Uma guerra oficialmente declarada morta

Sáb, 17 de Dezembro de 2011 08:30

Pepe Escobar (de Bagdá), Asia Times Online
http://www.atimes.com/atimes/Middle_East/ML17Ak02.html

Traduzido pela Vila Vudu

(Atenção: Essa reportagem conta o fim do filme. Pode estragar o suspense criado em editoriais do New York Times.)

BAGDÁ – Na 5ª-feira, o Pentágono declarou oficialmente morta sua “guerra ao terror” de US$3 trilhões (e aumentando) – com invasão, ocupação e destruição da nação iraquiana, com o país preparado para guerra civil (“guerra de baixa intensidade”) entre sunitas e xiitas e com o mundo muçulmano cofiando as barbas, sem entender que fim levou o Oriente Médio Ampliado [orig.

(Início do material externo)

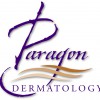 Paragon Dermatology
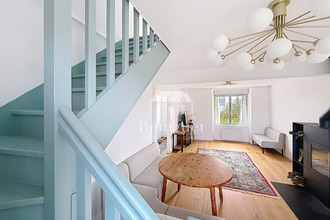  maison landunvez 29840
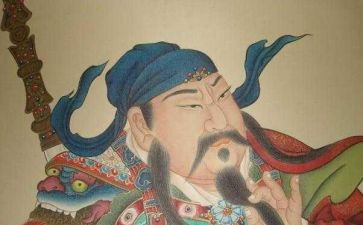 大班美术课仙人掌教案6篇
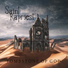 Saint Rapriest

Greater Middle East] do governo George W Bush.

Num bunker de concreto sem o telhado, no antigo aeroporto de Bagdá convertido em base militar, o chefe do Pentágono, Leon Panetta, elogiou os mais de um milhão de norte-americanos e norte-americanas, em uniforme militar ou com os uniformes das empresas de mercenários, pelo “notável avanço” em termos de morte e destruição que os EUA alcançaram nos últimos nove anos, mas reconheceu os graves desafios que o país, praticamente destruído, enfrentará.

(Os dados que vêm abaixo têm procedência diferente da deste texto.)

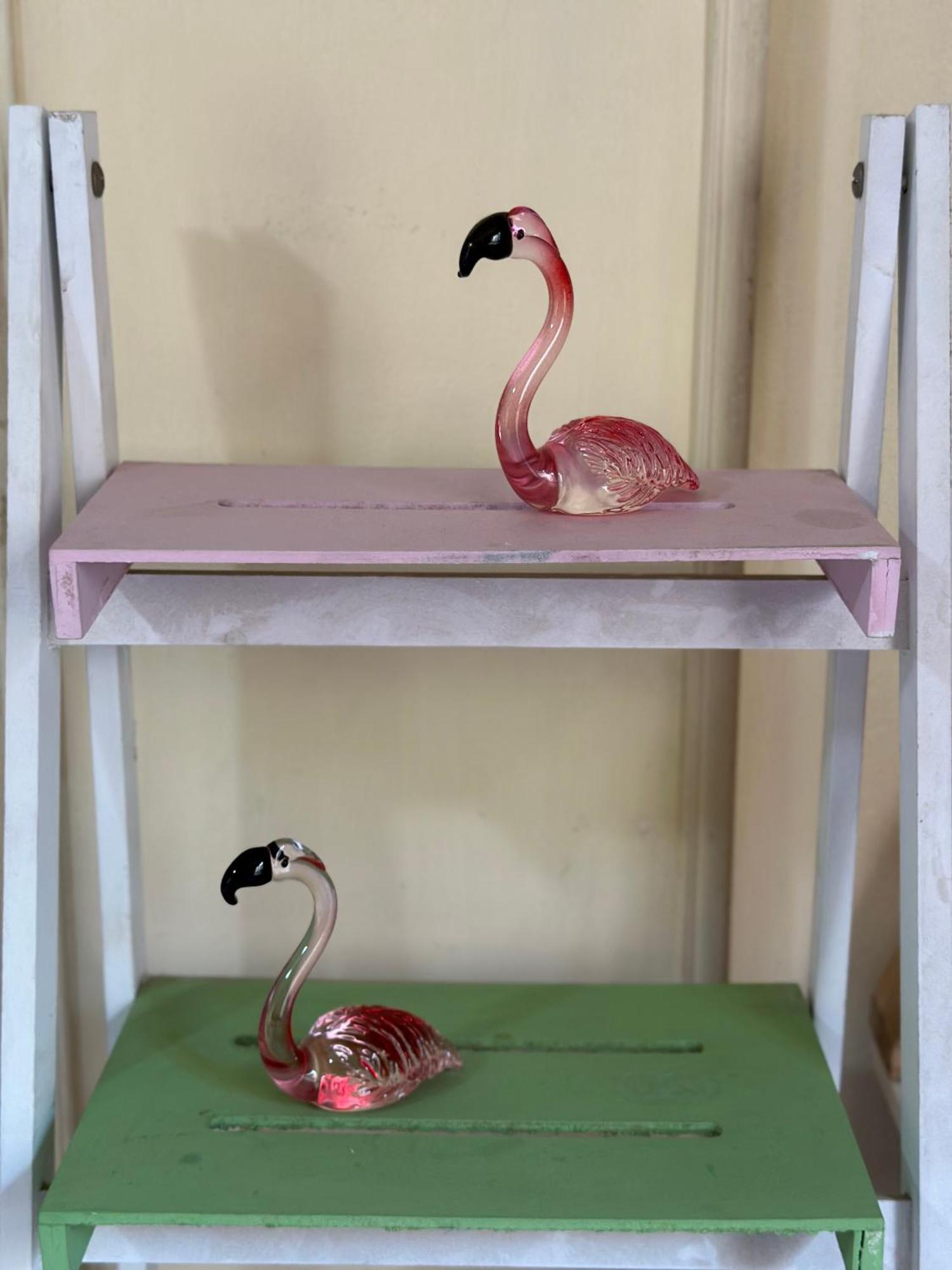 Flamingo 5 Stars Cozy Room - With Ac Kahire Dış mekan fotoğraf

“Permitam-me ser bem claro: o Iraque será testado, daqui em diante – pela al-Qaeda na Terra dos Dois Rios;[1] pela al-Qaeda no Maghreb; pela al-Qaeda na Península Arábica; pelos Talibã; pelo Irã; pelo Hezbollah; pela ditadura de Assad na Síria, pela China, pela Rússia, por Occupy Wall Street.

“Desafios ainda há, mas os EUA lá estarão, ao lado do povo iraquiano, com a quantidade necessária de mísseis Hellfire, para que os iraquianos surfem sobre todos esses desafios e construam um paraíso seguro e lucrativo para o neoliberalismo e as empresas norte-americanas.”

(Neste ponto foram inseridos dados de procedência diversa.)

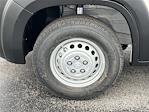 2026 Ram ProMaster 2500 High Roof FWD Upfitted Cargo Van for sale #170267 - photo 8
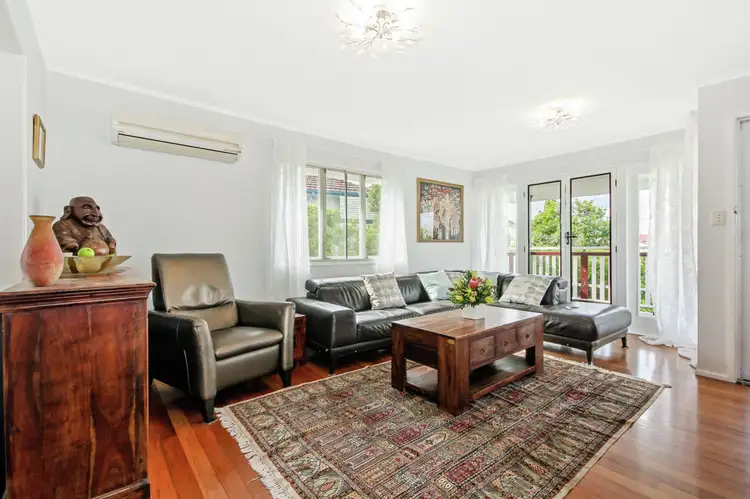 Fifth view of Homely house listing, 24 Decker Street, Chermside West QLD 4032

A cerimônia muda e para poucos contrastou fortemente com o espetacular “choque e pavor” de 2003, quando os EUA em transe, cegos pelas mentiras e mais mentiras publicadas na primeira página do New York Times, enviaram colunas e mais colunas de tanques do norte do Kuwait, e iluminaram os céus “como Natal”, nas palavras da CNN, para fazer a “troca de regime” e tirar do governo o ditador-do-mal Saddam Hussein.

Contadas as mortes até 6ª-feira passada, a guerra do Iraque custou a vida de 4.487 norte-americanos, com mais 32.226 norte-americanos feridos e aleijados em ação, segundo as estatísticas do Pentágono. Sobre vítimas iraquianas: o Pentágono não conta cadáveres não norte-americanos.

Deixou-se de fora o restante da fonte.